But Mr. Orban’s campaign against Mr. Soros, whom he has depicted as preparing to strike “a final blow to Christian culture” by sponsoring the reception of thousands of refugees into Europe, neither began, nor ended, with electoral exhortations. For in his effort to reshape the status quo, the President has openly borrowed strategies from the Nazis and from Stalin. To the distress of many educators, he has revised school texts. In one eighth-grade book, students are informed that Mr. Orban thinks refugees are a threat to Hungary. “It can be problematic for different cultures to coexist,” the text advises. This presidential message has, it seems, taken root: Hungarian media have reported that some children believe Mr. Soros is literally the devil.
In the artistic and intellectual arenas, Fidesz-appointed directors and university administrators have replaced their less ideological colleagues; new productions and art exhibitions have nationalist themes; and, importantly, revisionist history is in the making, most evidently in the rehabilitation of Admiral Miklos Horthy, an ally of Hitler who actively collaborated in the deportation of some 500,000 Jews to Auschwitz in 1944. Last year, Mr.
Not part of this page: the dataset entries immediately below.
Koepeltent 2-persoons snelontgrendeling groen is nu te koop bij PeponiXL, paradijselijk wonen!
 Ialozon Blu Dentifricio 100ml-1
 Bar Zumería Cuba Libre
Orban called Horthy an “exceptional statesman,” prompting the 
U.S. Holocaust Museum to issue a rebuke. There are now statues to Horthy in many places.
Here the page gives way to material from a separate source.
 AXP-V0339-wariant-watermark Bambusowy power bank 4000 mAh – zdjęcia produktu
In the same speech marking the anniversary of Hungary’s 1848 revolution, Mr. Orban also railed against “media outlets maintained by foreign concerns and domestic oligarchs, professional hired activists, trouble-making protest organizers and a chain of NGOs financed by an international speculator, summed up by and embodied in the name ’George Soros.’” The body that seems to come closest to his cross-hairs is the Soros-founded Central European University, a liberal English-language institution currently headed by Canada’s Michael Ignatieff. Mr. Orban has refused to legalize the status of CEU. Mr. Ignatieff has fought back and threatened to move the institution to Vienna. At this writing, the standoff continues.
Mr. Orban is said to spend much time reading books and talking with like-minded intellectuals – an education that appears evident in his considered policies. He is also interested in psychology and met with Philip Zimbardo, the American psychologist who created the Stanford Prison Experiment, the 1971 study of authoritarianism. I don’t know what information Mr. Zimbardo imparted, but victimhood, tribalism and the deliberate construction of an enemy have historically worked wonders for autocrats.
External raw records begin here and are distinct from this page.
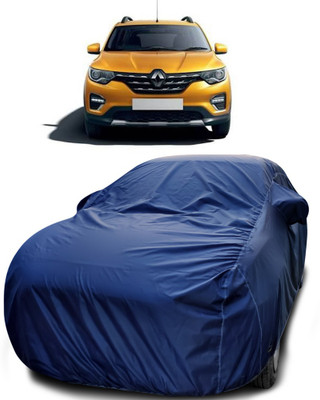 APNEK Car Cover For Renault HBC (With Mirror Pockets)(Blue)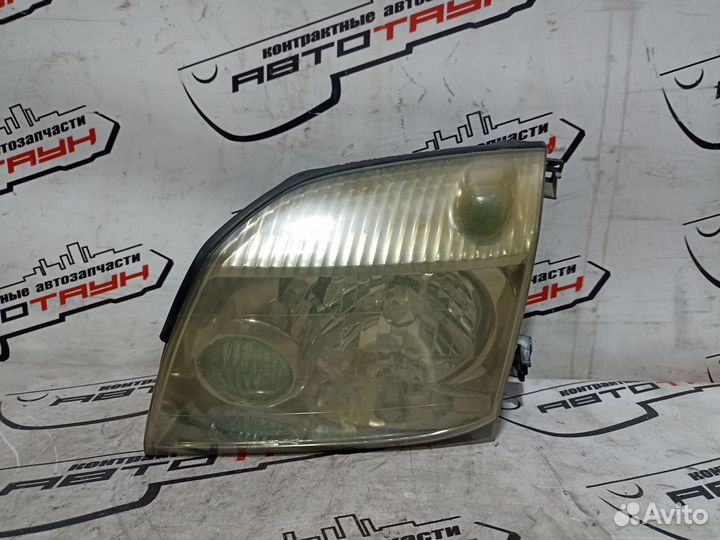 Фара nissan X-trail NT30 PNT30 T30 1670 голубой габарит xenon левая 260608H328 XE155Z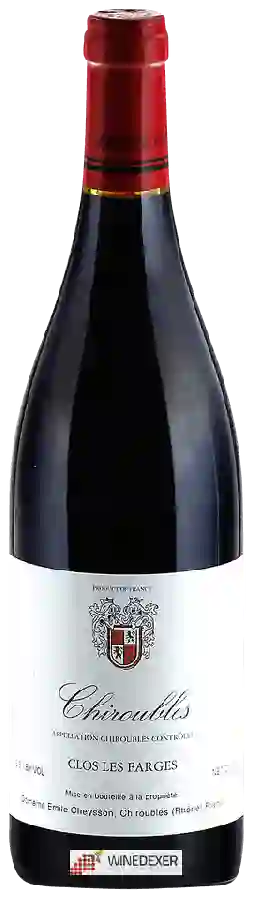 Winery Emile Cheysson - Clos Les Farges Chiroubles Winery Emile Cheysson - Clos Les Farges Chiroubles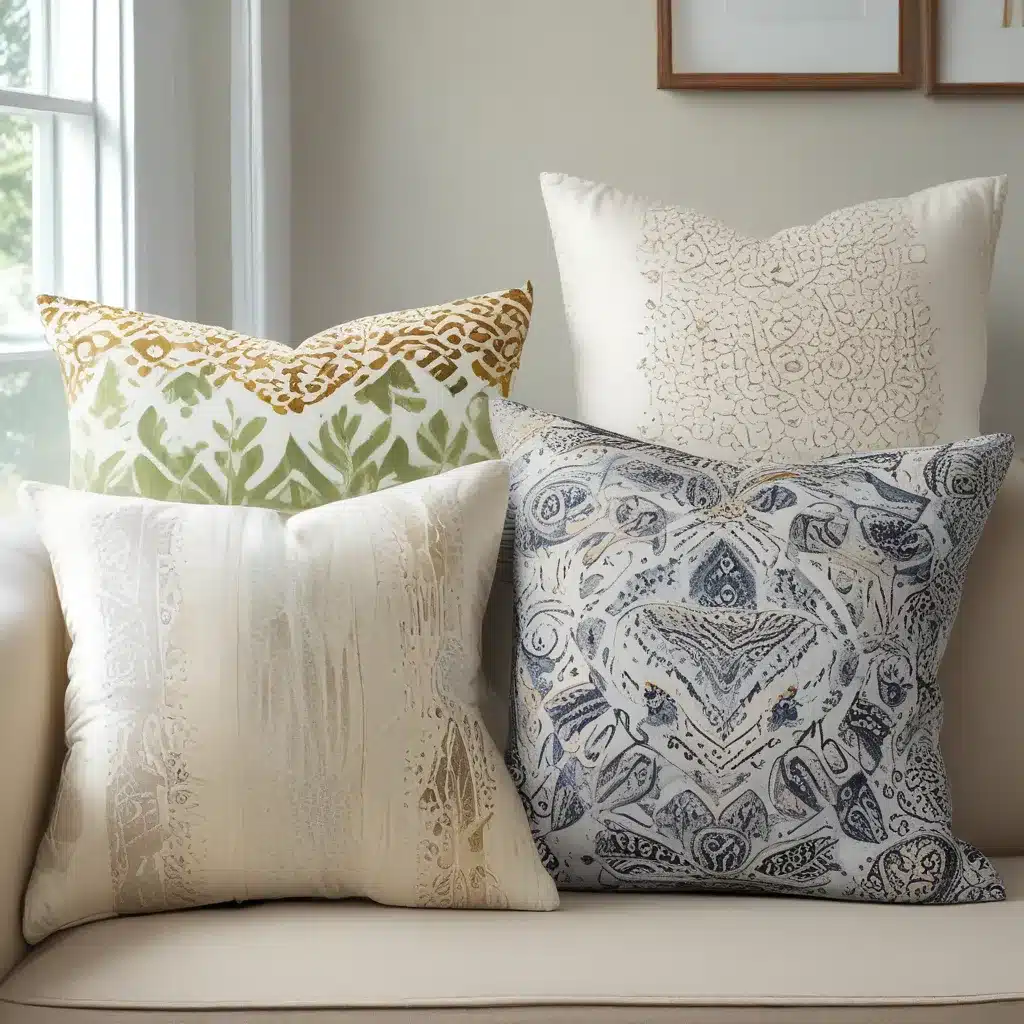 Update Throw Pillows For Quick Makeovers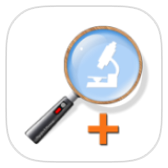 Cozy Magnifier & Microscope Plus icon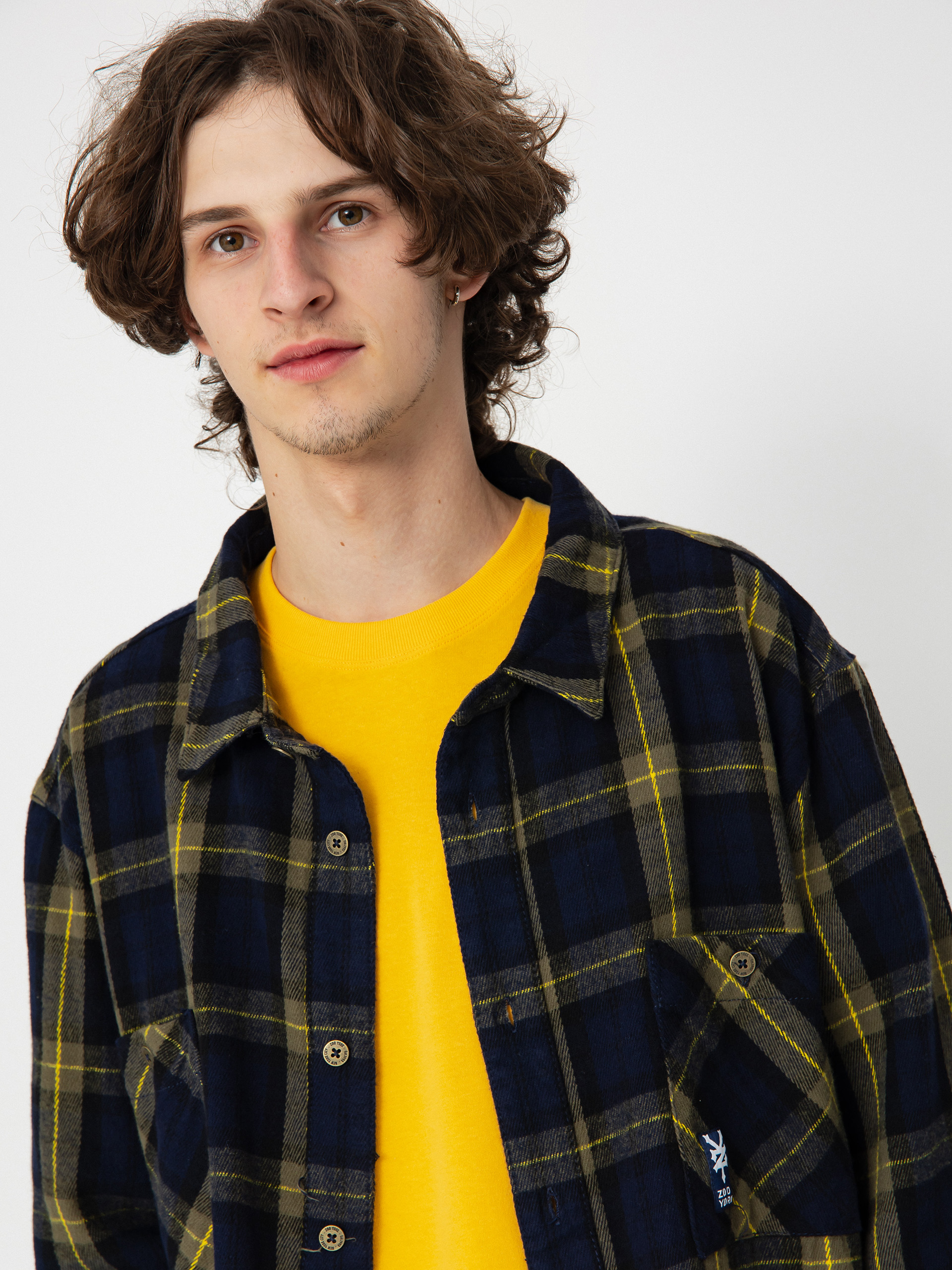 Košeľa Zoo York Iconic (navy)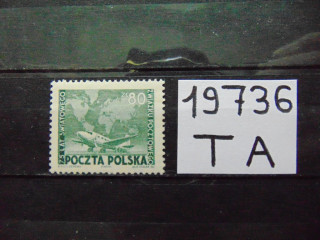 Фото марки Польша 1949г *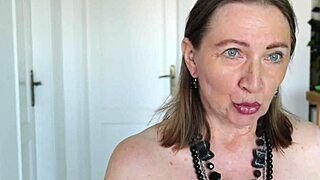 Horny Granny Enjoys Intense Fucking in Homemade POV Scene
Ironically, in spite of his relentless denigration of Jews, both directly and through the proxy of Mr. Soros, Mr. Orban has successfully, and cleverly, co-opted the friendship of Israeli Prime Minister, Benjamin Netanyahu. Under the rubric of “the enemy of my enemy is my friend,” the two have become unlikely allies. Why? Mr. Netanyahu also hates Mr. Soros, who has criticized his Likud government. So it happened that while Hungarian Jews recently begged Mr. Orban to end “the bad dream” of widening anti-Semitism, the European Jewish Association, in lockstep with Mr. Netanyahu, congratulated the President on his new electoral victory. Tellingly, they sought assurances that he would “continue to defend and uphold Hungarian Jewry under his new mandate …” Future historians may see Jewish support for Mr. Orban’s Hungary as a folly.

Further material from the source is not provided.